Google’s browser, Chrome, currently holds a dominant position of market share. There are versions of Chrome for both Windows and Mac computers, Apple iPhones and Android phones, as well as for tablets and other devices. Collectively, Google Chrome commands an estimated 70% of worldwide browser usage.
Because web browsers are the way by which 99% of the Internet’s content is accessed, Chrome provides Google a powerful means of spying on and manipulating how most of the public use the internet. So for many years, I have happily avoided Chrome for my own personal use, but recent events are making it clear that there is no way to avoid it completely. Google’s market dominance has had an unintended effect. The market dominance of Chrome has made some lazy web designers even lazier. Some of these people responsible for creating and maintaining websites now make their websites compatible with only the 70% of people using Chrome, rather than taking the time to ensure that they also work correctly with Apple’s Safari, Microsoft’s Edge, and other browsers less popular than Google’s Chrome.

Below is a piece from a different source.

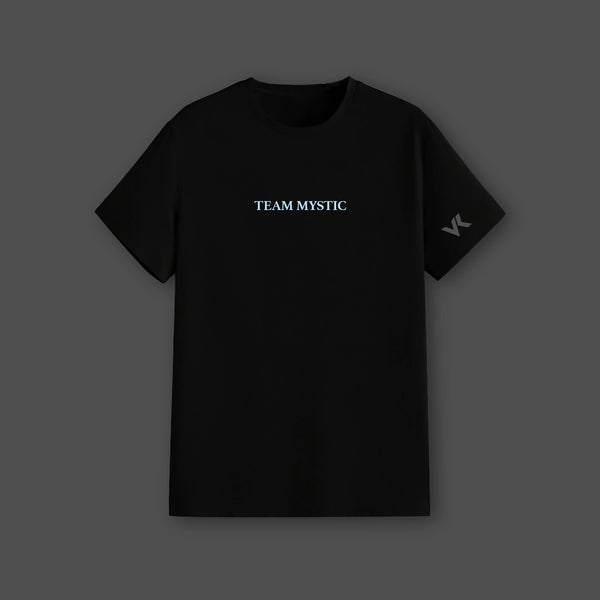 Articuno Regular Fit Black T-Shirt - 2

The emergence of this monoculture in web browsers has created an Internet where you may encounter a website created by a lazy designer, and that website simply does not load or function correctly until you try using Chrome. This is why I now have Google’s Chrome installed on my computer though I very rarely use it and have gone to some lengths to block its surveillance functions. If you have difficulty loading a web page using your favorite browser, see if Chrome works.
Charles Miller is a freelance computer consultant, a frequent visitor to San Miguel since 1981, and now practically a full-time resident. He may be contacted at 044 415 101 8528 or email FAQ8@SMAguru.com.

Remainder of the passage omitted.